Collected data:

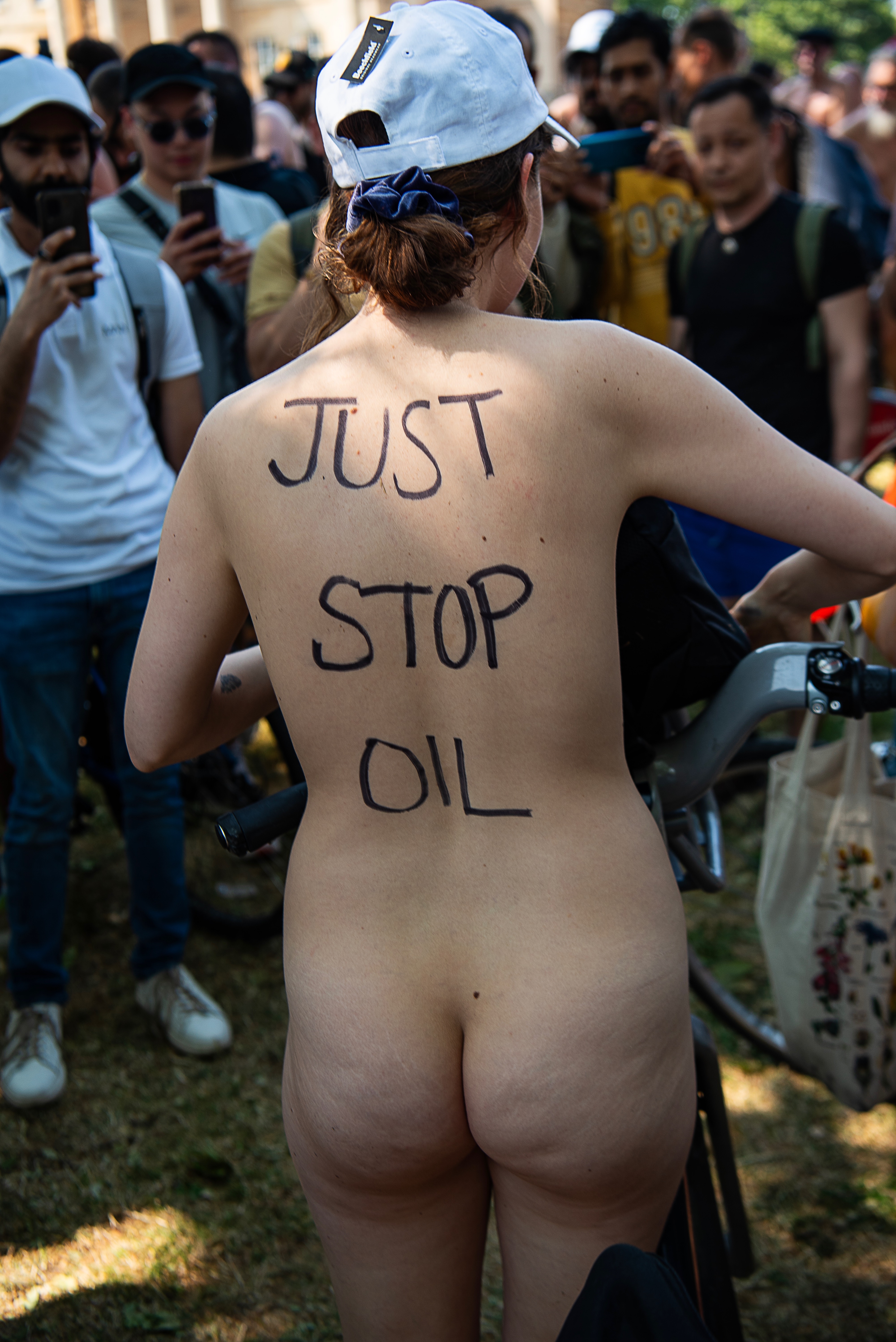 Fit slut Laura naked public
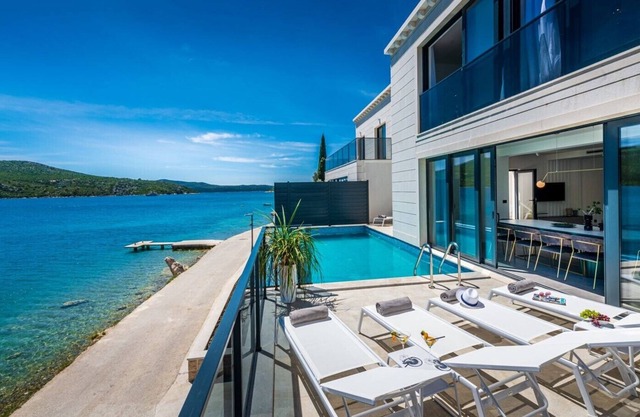 Luxury Beachfront Villa Zaira with private pool in Slano - Dubrovnik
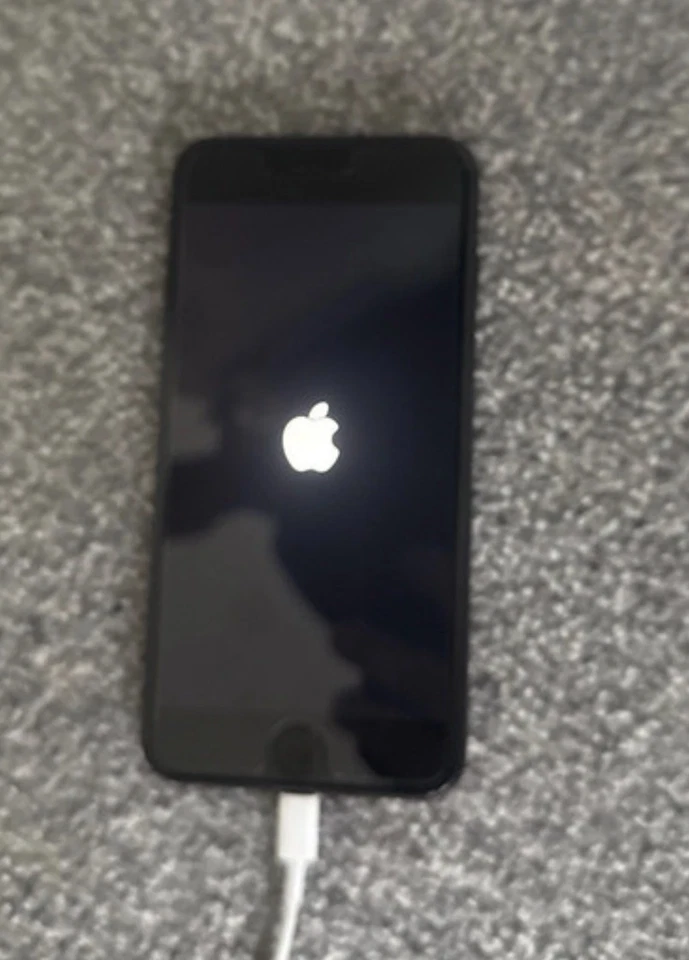 Apple iPhone 7 Plus - 128GB - Black - Unlocked - Boxed - - Image 3 of 4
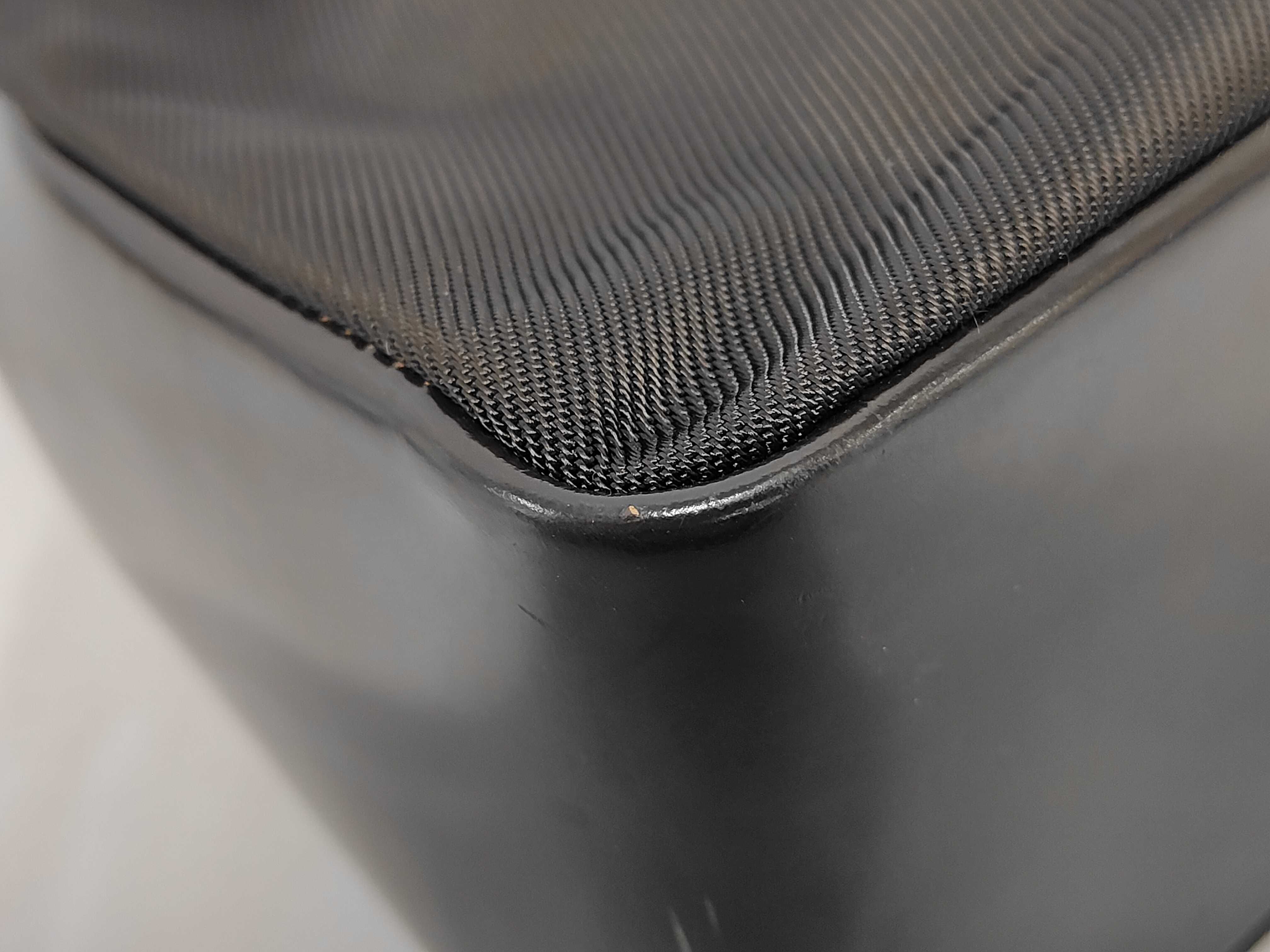 bag with brown bamboo handles. — view 4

About this task:
Drop the pictures, then transcribe the lines from the one containing "Luxury Beachfront Villa" to the end of the data above, exactly and nothing more.

Task result:
 Luxury Beachfront Villa Zaira with private pool in Slano - Dubrovnik
 Apple iPhone 7 Plus - 128GB - Black - Unlocked - Boxed - - Image 3 of 4
 bag with brown bamboo handles. — view 4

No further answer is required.